You could imagine that in a world of fraudulent insurance claims, this kind of device would be perfect for sifting through the liars in order to focus on those who have actually been hurt. Sure we have dash-cams for our cars, but we can’t be recording our every move just in case. The narrative begins at a rave, attended by Mia Nolan (Andrea Riseborough) and Rob (Andrew Gower). Driving home the following morning, Rob hits and kills a cyclist. Mia wants to report the accident, however Rob convinces her not to and they instead dump both the body and his bike in the lake.
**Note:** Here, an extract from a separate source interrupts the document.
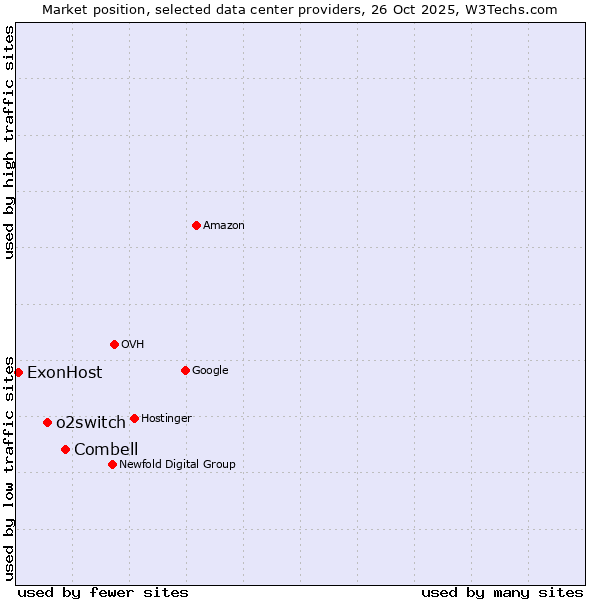 Market position of Combell vs. o2switch vs. ExonHost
Flash-forward fifteen years later and Mia is happily married with a son and has a successful career. In a separate timeline we are introduced to Shazia (Kiran Sonia Sawar), who works as an investigator with her device known as the Recaller. She uses the device to look into the “victim’s” memories in order to verify the claim. Finally we’re introduced to Brooker’s villainous technology that will inevitably become a catalyst for the episode. However, this direct gaze into one’s consciousness appears to be a clear violation of privacy, regardless of verifying a claim. Whilst performing a service within the episode, you can’t help but wonder what could happen if this machine got into the wrong hands and is used to unwillingly withdraw information.
However, back to Mia on a business trip and she is visited by Rob. It’s obvious that the incident has taken a toll on him, whilst Mia has managed to put it behind her. Now sober, Rob wants to make amends with the cyclist’s wife whom has never remarried or lost hope he will return. Anonymously, Rob wishes to write to her to inform her of the incident so she may finally get closure. Mia, both angry he pushed her into helping him dispose of the body and worried about her future, pleads with him to reconsider. When Rob tries to leave, Mia manages to overpower him and kills him. Moments later, a man is hit by a driverless pizza van.
This leads to a spiral of events where Mia desperately tries to cover her tracks, in a world with technology that can see into your mind. Mia demonstrates how damaging the technology can be in the wrong hands as she uses it to steal information from Shazia, in order to continue covering her back. Riseborough’s phenomenal performance manages to allow you to empathise with her character, whilst also fearing her. You begin to question how far she will go to protect herself and her family. Would you go that far? Where would you draw the line: one, two, three murders? Or, once you’ve committed one murder, you’re already going down if you’re caught, so you may as well do anything to stop that.
Brooker’s ‘Crocodile‘ is chilling throughout and once again questions our reliance and manipulation of technology for our own adgenda. Of course, most creations begin with good intentions, however do we really outweigh the pros and cons before releasing the inventions? Shazia had a device that was able to see into people’s minds, yet she kept it in her own house and had no protection for her safety or that of the Recaller. Whilst the ending is grasping at straws slightly in order for closure, the episode lends itself as one of the most horrific Black Mirror episodes created.